● Problem: Of the records that follow, copy only the lines from the line containing "Snapshot of anyu1306" to the line containing "Children's shoulder bag like new, colorful", both included, exactly as written.

(Crawled caption data)
================

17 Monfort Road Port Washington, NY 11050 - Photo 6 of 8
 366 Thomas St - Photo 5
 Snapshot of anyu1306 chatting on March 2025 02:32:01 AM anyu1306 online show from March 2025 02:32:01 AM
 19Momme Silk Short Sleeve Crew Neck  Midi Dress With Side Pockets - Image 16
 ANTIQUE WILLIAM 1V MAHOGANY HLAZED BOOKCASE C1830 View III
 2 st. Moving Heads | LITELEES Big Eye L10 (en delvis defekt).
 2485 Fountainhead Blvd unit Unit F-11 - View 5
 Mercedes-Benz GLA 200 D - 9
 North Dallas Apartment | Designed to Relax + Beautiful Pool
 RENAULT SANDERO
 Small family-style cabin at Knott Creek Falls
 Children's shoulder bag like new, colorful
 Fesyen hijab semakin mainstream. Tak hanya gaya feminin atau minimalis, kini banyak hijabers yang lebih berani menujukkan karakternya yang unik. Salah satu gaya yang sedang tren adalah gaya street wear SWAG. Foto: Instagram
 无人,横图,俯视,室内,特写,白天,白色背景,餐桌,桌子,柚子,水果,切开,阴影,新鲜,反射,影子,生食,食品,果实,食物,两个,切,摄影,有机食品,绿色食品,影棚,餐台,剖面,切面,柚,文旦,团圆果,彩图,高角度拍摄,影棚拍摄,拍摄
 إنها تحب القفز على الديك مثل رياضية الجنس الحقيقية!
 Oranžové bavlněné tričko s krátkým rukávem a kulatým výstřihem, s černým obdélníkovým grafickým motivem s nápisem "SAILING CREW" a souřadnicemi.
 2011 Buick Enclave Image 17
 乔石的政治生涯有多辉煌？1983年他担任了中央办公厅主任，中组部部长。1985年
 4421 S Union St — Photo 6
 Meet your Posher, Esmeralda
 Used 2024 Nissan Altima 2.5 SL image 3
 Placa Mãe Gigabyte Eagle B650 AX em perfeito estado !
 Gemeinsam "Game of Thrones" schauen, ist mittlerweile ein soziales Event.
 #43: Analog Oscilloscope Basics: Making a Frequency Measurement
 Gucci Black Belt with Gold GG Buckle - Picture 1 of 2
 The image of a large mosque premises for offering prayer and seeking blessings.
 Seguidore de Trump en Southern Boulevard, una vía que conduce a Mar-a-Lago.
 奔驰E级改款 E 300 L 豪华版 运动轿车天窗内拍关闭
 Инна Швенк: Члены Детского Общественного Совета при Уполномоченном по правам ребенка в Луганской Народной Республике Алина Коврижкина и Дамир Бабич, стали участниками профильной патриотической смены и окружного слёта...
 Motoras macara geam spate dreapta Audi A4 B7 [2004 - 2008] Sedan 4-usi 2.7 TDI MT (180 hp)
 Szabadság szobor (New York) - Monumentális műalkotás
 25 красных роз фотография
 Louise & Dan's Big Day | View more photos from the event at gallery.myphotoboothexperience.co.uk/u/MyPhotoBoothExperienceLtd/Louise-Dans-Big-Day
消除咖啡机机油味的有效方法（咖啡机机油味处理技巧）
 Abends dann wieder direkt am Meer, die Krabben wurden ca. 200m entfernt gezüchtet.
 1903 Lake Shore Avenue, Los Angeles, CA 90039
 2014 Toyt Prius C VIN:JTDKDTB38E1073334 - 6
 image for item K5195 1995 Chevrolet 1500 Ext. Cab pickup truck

================

● Your solution:
 Snapshot of anyu1306 chatting on March 2025 02:32:01 AM anyu1306 online show from March 2025 02:32:01 AM
 19Momme Silk Short Sleeve Crew Neck  Midi Dress With Side Pockets - Image 16
 ANTIQUE WILLIAM 1V MAHOGANY HLAZED BOOKCASE C1830 View III
 2 st. Moving Heads | LITELEES Big Eye L10 (en delvis defekt).
 2485 Fountainhead Blvd unit Unit F-11 - View 5
 Mercedes-Benz GLA 200 D - 9
 North Dallas Apartment | Designed to Relax + Beautiful Pool
 RENAULT SANDERO
 Small family-style cabin at Knott Creek Falls
 Children's shoulder bag like new, colorful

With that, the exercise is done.